Doing the clustering yourself

Hierarchical clustering with bootstrapping

The pvclust package allows to perform hierarchical clustering (based on a dendrogram) with bootstrapping. Bootstrapping means R is going to do the clustering 100 times, each time slightly changing the data. This generates bootstrap values that show the consistency of the branches (= how many times out of these 100 were these two samples clustered together?).

The function to do this is pvclust(), it’s main arguments are:

  • method.hclust: the linkage method (“average”, “complete”, “centroid”…)
  • method.dist: the distance measure used to calculate how (dis)similar two samples (“euclidean”, “manhattan”, “correlation”, …)

k-means clustering

There are other clustering methods than hierarchical clustering, e.g. k-means clustering. The function kmeans() allows to perform k-means clustering. It s main arguments are:

  • centers: how many clusters do you want
  • nstart: how many times do you want to restart the clustering
c <- kmeans(data,centers=4,nstart=5)
c$cluster

The result is a list that contains an object cluster, that stores the cluster results (for each sample the cluster number it belongs to).

The factoextra package contains a function fviz_cluster() that can read and visualize the results generated by kmeans().
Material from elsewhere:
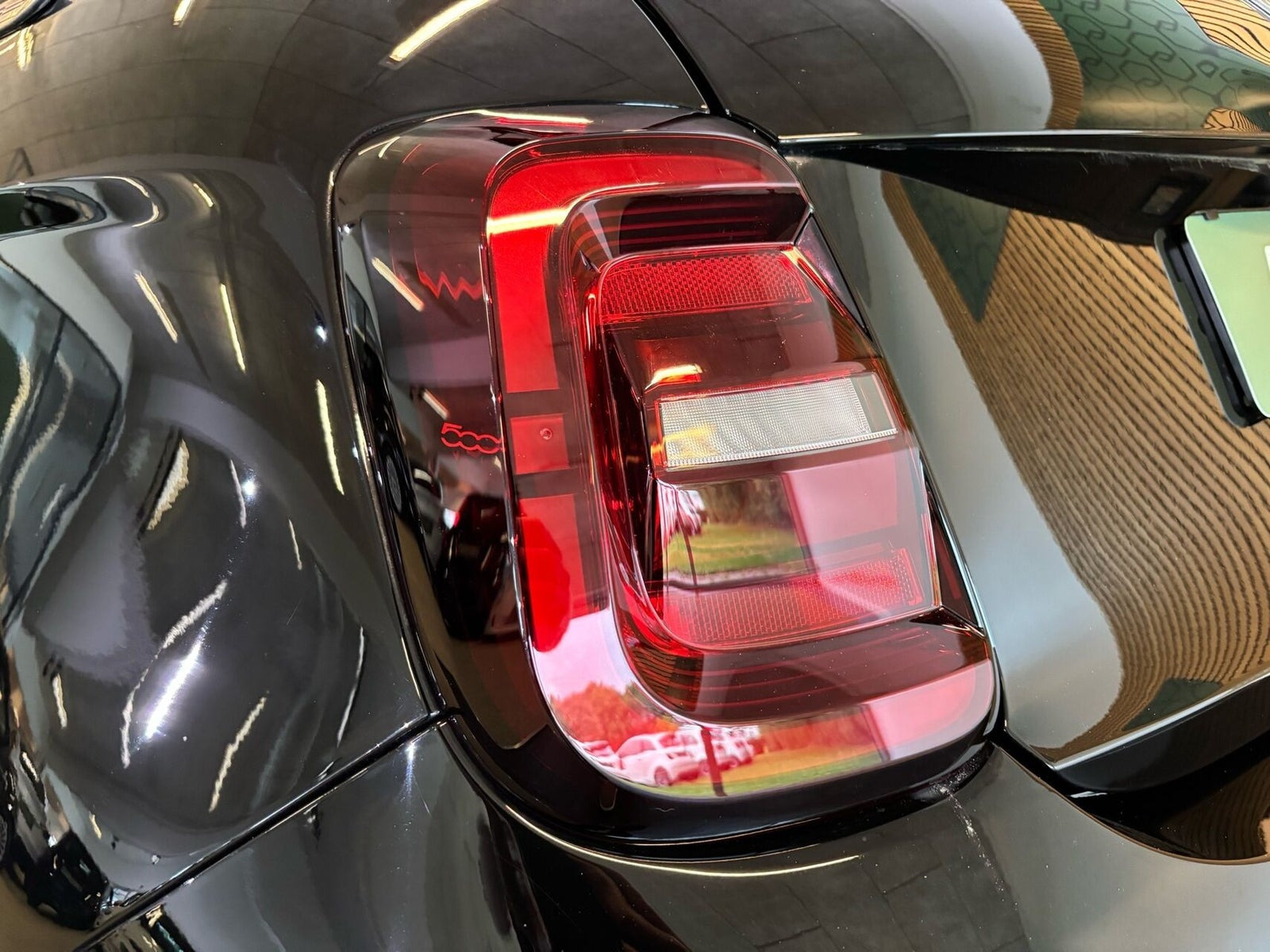 Sort Fiat 500e fra 2023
Select best cluster shape and characteristics

The Mclust() function from the mclust package tries and compares multiple cluster numbers and shapes (spheres – ellipsoids – diagonals).  You can use summary() on the output of Mclust() to see which cluster number/shape is the best based on the BIC scores (Bayes information criterion). The best clustering is the one with the lowest BIC score.

library(mclust)
c <- Mclust(data)
c$classification

Mclust() generates a list, the classification object saves the cluster results.

summary(c)

This will display the best cluster number/shape (with the lowest BIC score).

?mclustModelNames

The documentation shows the different cluster shapes that are assessed.